Megan Rapinoe

Photo via lev radin/Shutterstock (Licensed)

'I'd like to help you see them from where I stand now. The view, as it turns out, is pretty good.'

Soccer superstar Megan Rapinoe has penned a moving letter to her younger self on Bleacher Report's Media Lab section, putting into perspective the immense honor of playing with Team USA once more at the 2016 Rio Olympics.

Rapinoe had previously won gold at the 2012 London Olympics, a victory that's been bookened by copious shining moments in her career on the field. A powerhouse of a midfielder, the athlete writes to her 13-year-old self that "maybe you would have realized that you were gay. And funny. And outgoing. And one of the best soccer players around."

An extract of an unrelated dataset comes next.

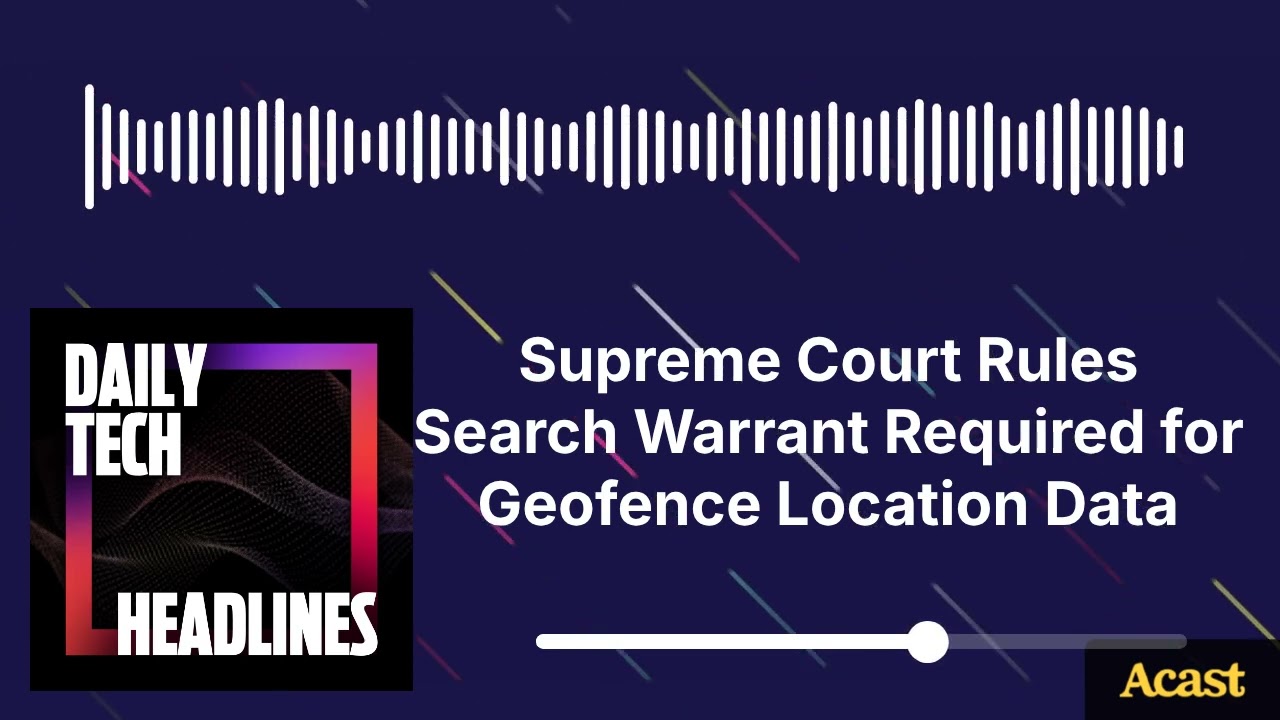 Supreme Court Rules Search Warrant Required for Geofence Location Data - DTH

An outspoken gay rights activist, Rapinoe went on to detail the times when she was less loud and proud of her identity and athleticism. Back in middle school, she'd tail her twin sister so closely there were times she bumped into her. She didn't feel like she felt in. And, like any teenager, she was undergoing incredible changes to become the woman she is today.

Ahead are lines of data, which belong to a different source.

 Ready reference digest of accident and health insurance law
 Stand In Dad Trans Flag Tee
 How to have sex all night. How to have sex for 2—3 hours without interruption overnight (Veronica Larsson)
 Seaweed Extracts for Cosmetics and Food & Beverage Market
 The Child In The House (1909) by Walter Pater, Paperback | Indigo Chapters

"It's OK to feel different right now. You are supposed to be feeling weird a lot of the time. You have a lot going on. And you are supposed to feel uncomfortable and awkward because it's a good thing, and it helps you grow," Rapinoe writes.

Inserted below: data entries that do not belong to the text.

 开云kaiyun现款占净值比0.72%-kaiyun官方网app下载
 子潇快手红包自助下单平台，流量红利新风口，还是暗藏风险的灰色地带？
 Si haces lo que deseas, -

Perhaps one of the most powerful points that Rapinoe touches upon is her connections with her teammates and why women should foster strong female friendships no matter their age:

"The best relationships can strike up between people who are very different. It's really a crazy, intimate thing that you share with someone you play sports with. You travel together and win championships together and lose championships together... The truth is, sometimes you don't want to share all of that with everyone, and you don't want people to see it. But your teammates, they do. They are a part of it. Whether you want them in your life or not, they are there. This is how we grow up and who we become as women and how we do things as a collective group."

Rapinoe's powerful missive can be read in full on Bleacher Report. The letter to her younger self follows similarly successful athletes penning advice and marveling at how far they've come.